Figure 1. Conceptual block diagram of the firmware. The SGMII interface is unlikely to work with RiskFive protypes because of the speed grade of the soldered Artix-7.


Hardware development tools.

  • Power supply +5V with the OD = 5 mm, ID = 2.1 mm barrel connector. Recommended power supplies from Jameco with 2.1 mm connectors: Jameco 379623, Mean Well GS25U05-P1J (4A), or Jameco 1952863, Mean Well GS18U05-P1J (3A).

  • Power supply USB-3 cable with +5V and USB-3 connector. Alternatively, the RiskFive board can be powered with USB-3 cable with a regular USB-3 laptop-type connector, blue inside. There is a jumper to select either the 5 mm barrel or the USB-3 power source.

  • Serial RS-232 cable with the DB9 connector. RiskFive motherboard uses the full RS-232 link with the +/- 6V logic levels. This cable can be plugged into the DB9 on your desktop computer. We will provide the cable together with the board.

  • Serial cable with the USB connector. If you are using a laptop and you do not have DB9, then you can use the USB-to-serial cable from FTDI or Adafruit. Be sure to use a 3.3V version rather than the 5V version. The latter can fry the board. We will not provide the cable together with the board, unless you are willing to pay. I advise to procure your own cable from FTDI, DigiKey, or Adafruit. I recommend any FTDI USB-to-serial cable.

  • PS2 mouse/keyboard splitter cable with one PS2 connector on one end, and two connectors at the other end, labeled "mouse" and "keyboard". You will need this cable because I misunderstood the PS2 wiring when I designed the RiskFive prototype motherboard. The mistake will be fixed in future revisions. The prototype needs this cable to connect the PS2 mouse and keyboard. You can procure this cable from Amazon. You do not need this cable with RiskZero where the mistake was fixed.

  • PS2 mouse and PS2 keyboard. You will need these two items to operate either RiskFive or RiskZero.

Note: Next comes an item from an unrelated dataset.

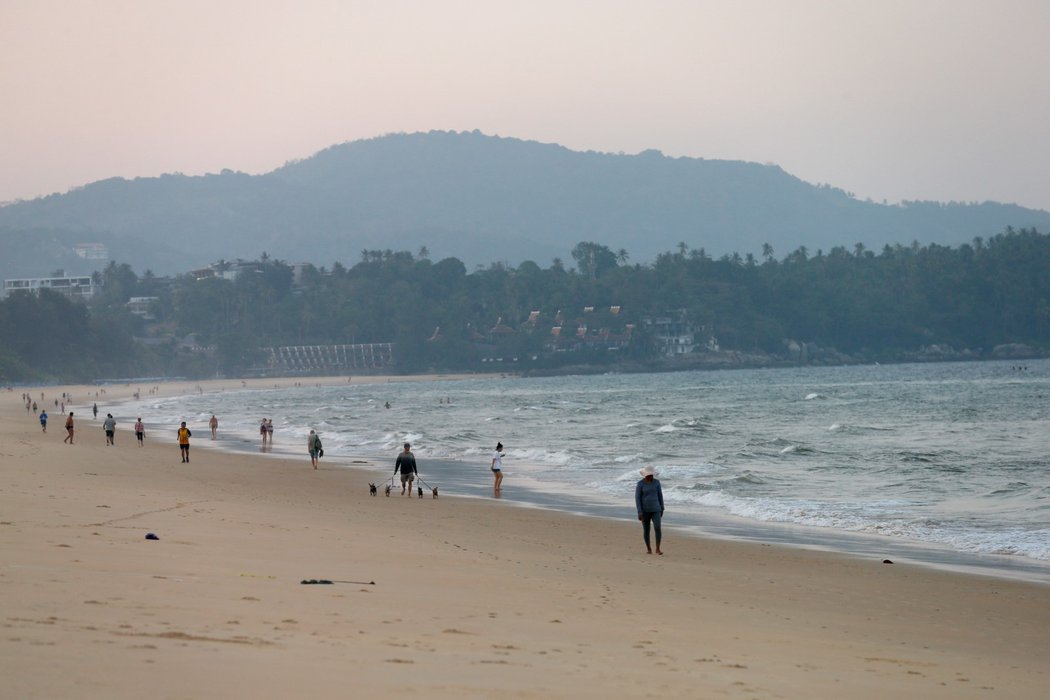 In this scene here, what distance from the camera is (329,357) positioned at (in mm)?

  • VGA cable and VGA 1k*768 pixel monitor. You will need this item to operate RiskFive.

  • HDMI cable and HDMI 1k*768 pixel monitor. You will need this item to operate RiskZero.


Xilinx development tools.

  • ISE 14.7; regular installation. It is the final revision of the ISE toolchain. It runs on Windows XP and higher. It does run on Windows 10. You do not need the virtualized ISE on Windows 10. This ISE supports all the Xilinx chips and families circa 2014: Spartan-6, Artix, Kintex, etc. The free unlicensed version (the Webpack) is the same as the full version. It just refuses to generate the bitstream for higher end FPGAs. Otherwise it is full. If you provide it with the paid key, it will then support all FPGAs. You can use the free Webpack version for RiskZero, as well as RiskFive with Artix-7 100T and 200T. Unfortunately, the prototype RiskFive uses Artix-7 35T which is not supported under ISE 14.7, either Webpack or full.

    Bottom line.Use free ISE 14.7 Webpack for RiskFive, Pepino, or Pipistrello. You can also use it for RiskFive, if we make the boards with either 100T or 200T chips, which we have not done yet. Otherwise use Vivado, which is also free for all Artix-7 chips.

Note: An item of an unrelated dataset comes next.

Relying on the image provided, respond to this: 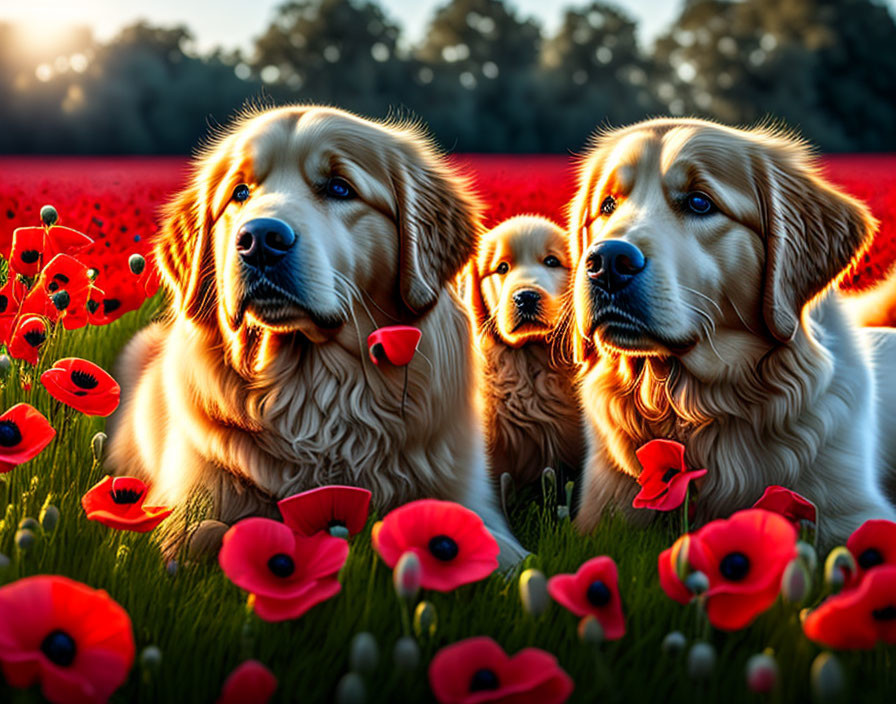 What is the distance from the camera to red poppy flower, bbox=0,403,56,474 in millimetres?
2104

  • ISE 14.7; virtualized installation. It is the final revision of the ISE toolchain, but restricted to Spartan-6. It supports all Spartan-6 chips without any license. Totally free. It does not support any other Xilinx chips. It runs on Windows 10 and higher under Virtual Box. You can use it with RiskZero, Pepino, or Pipistrello. But why bother, if the regular installation is less bothersome and it runs on Windows 10 without Virtual Box.

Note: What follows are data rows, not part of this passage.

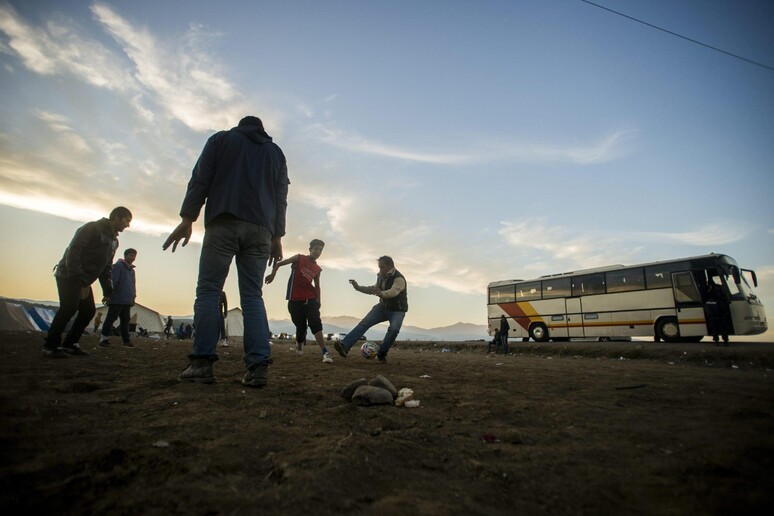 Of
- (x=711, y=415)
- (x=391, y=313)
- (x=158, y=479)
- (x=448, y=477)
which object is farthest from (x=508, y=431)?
(x=391, y=313)

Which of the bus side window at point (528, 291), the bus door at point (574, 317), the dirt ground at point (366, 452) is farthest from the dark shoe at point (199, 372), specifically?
the bus side window at point (528, 291)

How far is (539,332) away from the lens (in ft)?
61.0

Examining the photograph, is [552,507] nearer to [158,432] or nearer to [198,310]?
[158,432]

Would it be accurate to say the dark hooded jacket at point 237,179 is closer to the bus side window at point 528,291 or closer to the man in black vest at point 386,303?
the man in black vest at point 386,303

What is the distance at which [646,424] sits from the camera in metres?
2.05

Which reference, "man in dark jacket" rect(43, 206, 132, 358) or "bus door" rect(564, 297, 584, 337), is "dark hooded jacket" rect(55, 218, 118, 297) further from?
"bus door" rect(564, 297, 584, 337)

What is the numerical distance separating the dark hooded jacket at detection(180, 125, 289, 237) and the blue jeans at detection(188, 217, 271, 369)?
12cm

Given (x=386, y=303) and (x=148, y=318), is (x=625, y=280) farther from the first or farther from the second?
(x=148, y=318)

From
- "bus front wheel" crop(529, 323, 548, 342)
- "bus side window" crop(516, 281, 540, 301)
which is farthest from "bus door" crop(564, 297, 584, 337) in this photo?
"bus side window" crop(516, 281, 540, 301)

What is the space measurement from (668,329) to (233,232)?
1689cm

  • Vivado 2014.2. It is the final revision of the Vivado toolchain still running on Windows XP. Later editions will require Windows 7 or higher. Vivado does not support Spartan-6. It only supports Series-7 or higher. You cannot use any Vivado with RiskZero. You can use it with RiskFive regardless of the chip which is soldered. My associates have said "do not use this version because later versions are better", but I still have to find out what they mean.

  • Vivado 2018.3 (64-bit). It will require 64 bit Windows 7 or higher. Vivado does not support Spartan-6. It only supports Series-7 or higher. You cannot use it with RiskZero. You can use it with RiskFive regardless of the chip which is soldered. My former intern/employee Vedant used it with RiskFive. He also used the associated Software Development Kit (SDK) because we made an unfortunate decision to begin our work with MicroBlaze. SDK turned out a buggy hog. SDK provided me with enough horror to short circuit MicroBlaze in my plans.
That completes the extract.